| Dataset records |
# # # #

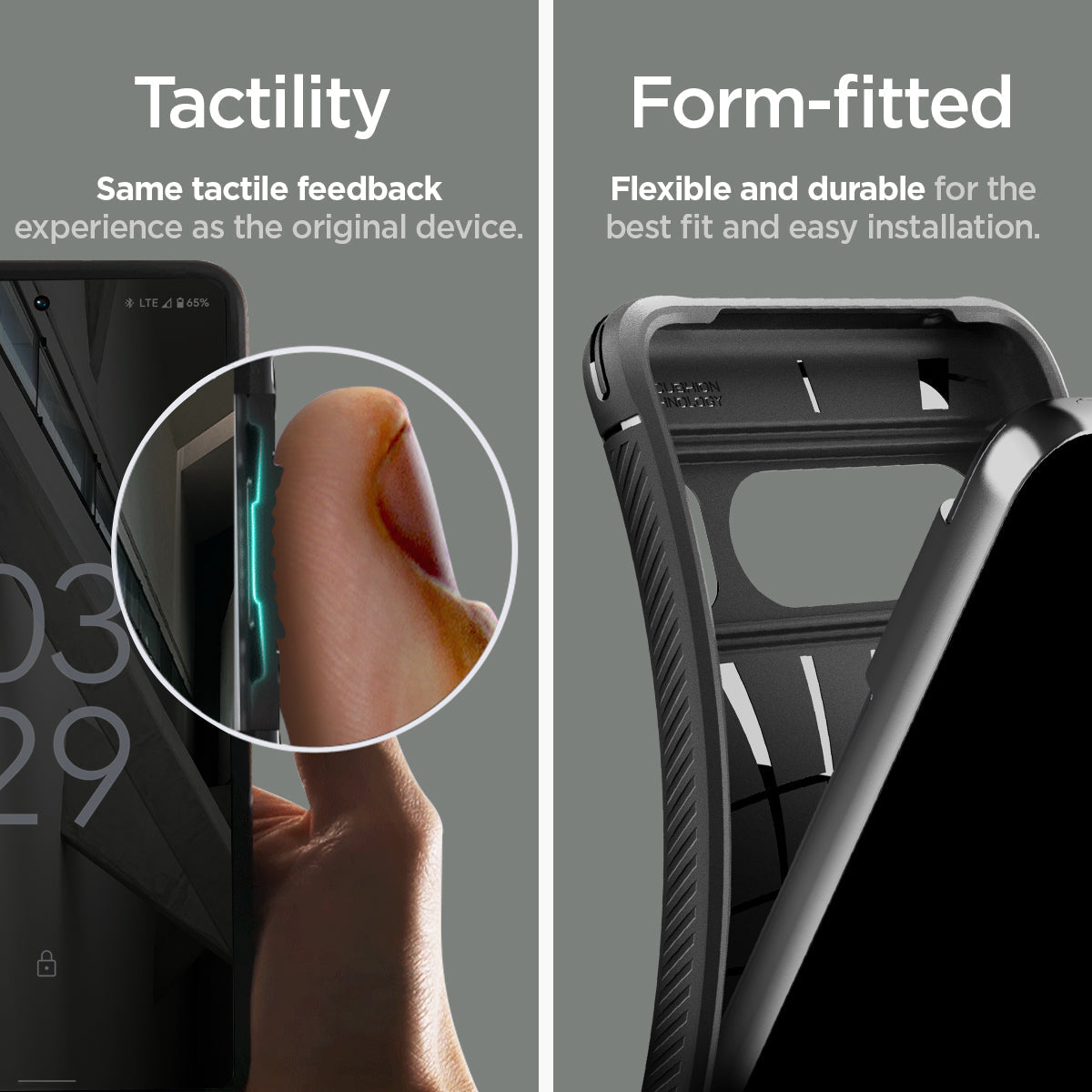 ACS06314 - Pixel 8 Pro Case Rugged Armor in matte black tactility same tactile feedback experience as the original device. Perfect fit crafted to be form fitted for the google pixel.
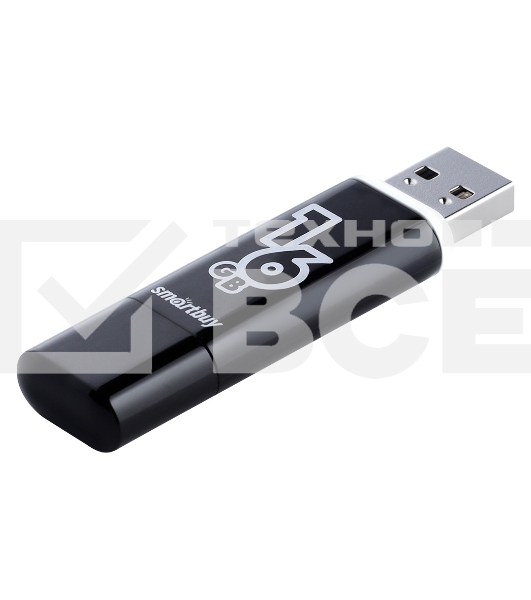 Флешка USB R/W Smartbuy Glossy series Black (SB16GbGS-K), 16Gb, USB 2.0, R/W 25/15, черный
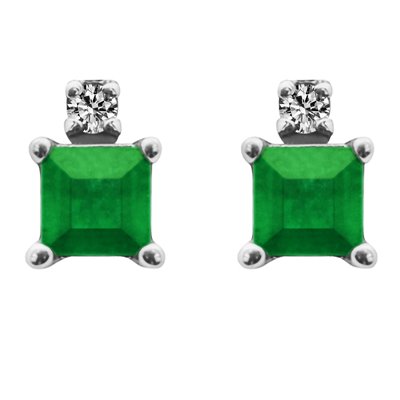 Kolczyki ze szmaragdami i brylantami 0,07ct - KK/015d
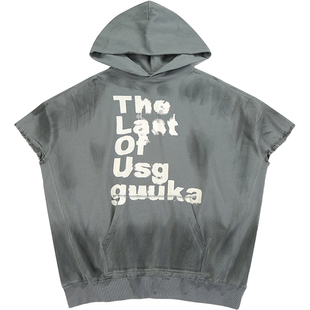 GUUKA沙丘废土风深灰色坎肩男春季新款 青少年慵懒风连帽背心宽松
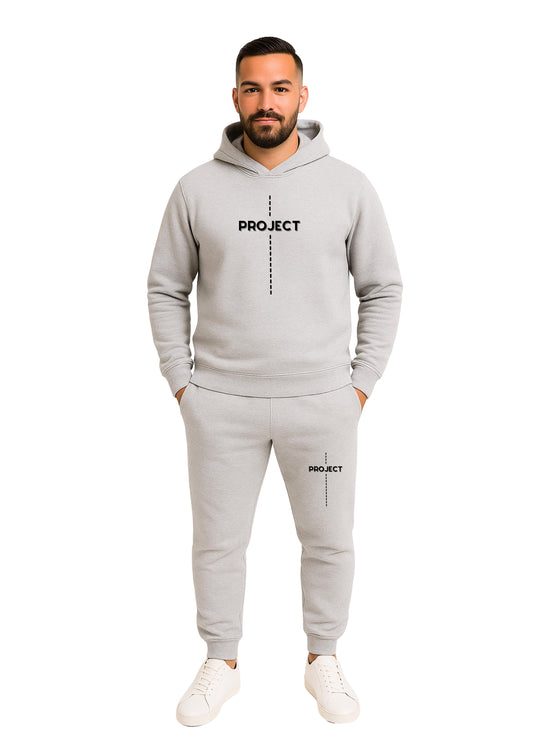Erkek 2 İplik Kapşonlu Şardonlu  Paça Lastikli Eşofman Takımı - Gri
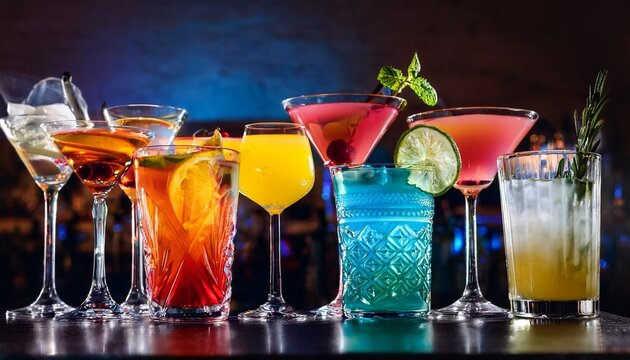 A Realistic And Vibrant Arrangement Of Colorful Cocktails In Elegant Glassware Presented In A Commercial Ready Setting Ideal For Themes Of Celebration Nightlife Summer Parties Mixology And Bever
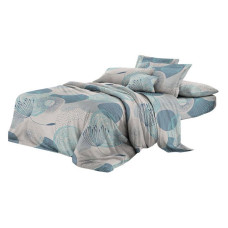 Постільна білизна Textile House Бязь 65 150х210см полуторна бязь блакитні кола на бежевому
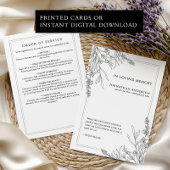 In het liefdevolle geheugen Orde van de Dienst beg Kaart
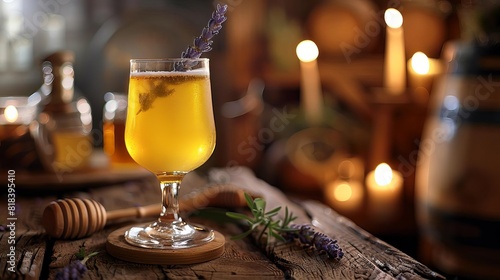 A glass of golden honey mead with a sprig of lavender photo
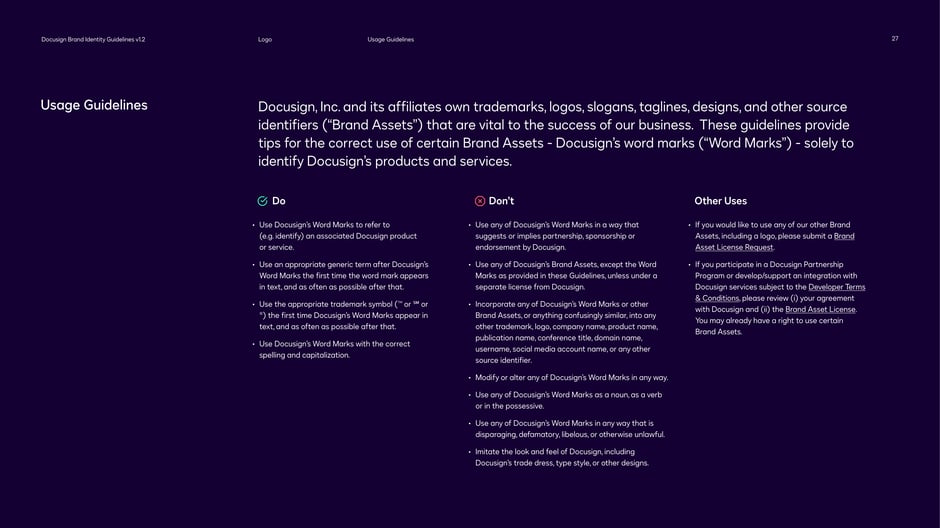 Explains trademark and word mark rules: use DocuSign word marks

# # # #

| What the task asks |
When you transcribe the entries above, keep every word exact and leave out the pictures.

| Output below |
 ACS06314 - Pixel 8 Pro Case Rugged Armor in matte black tactility same tactile feedback experience as the original device. Perfect fit crafted to be form fitted for the google pixel.
 Флешка USB R/W Smartbuy Glossy series Black (SB16GbGS-K), 16Gb, USB 2.0, R/W 25/15, черный
 Kolczyki ze szmaragdami i brylantami 0,07ct - KK/015d
 GUUKA沙丘废土风深灰色坎肩男春季新款 青少年慵懒风连帽背心宽松
Erkek 2 İplik Kapşonlu Şardonlu  Paça Lastikli Eşofman Takımı - Gri
 A Realistic And Vibrant Arrangement Of Colorful Cocktails In Elegant Glassware Presented In A Commercial Ready Setting Ideal For Themes Of Celebration Nightlife Summer Parties Mixology And Bever
 Постільна білизна Textile House Бязь 65 150х210см полуторна бязь блакитні кола на бежевому
 In het liefdevolle geheugen Orde van de Dienst beg Kaart
 A glass of golden honey mead with a sprig of lavender photo
 Explains trademark and word mark rules: use DocuSign word marks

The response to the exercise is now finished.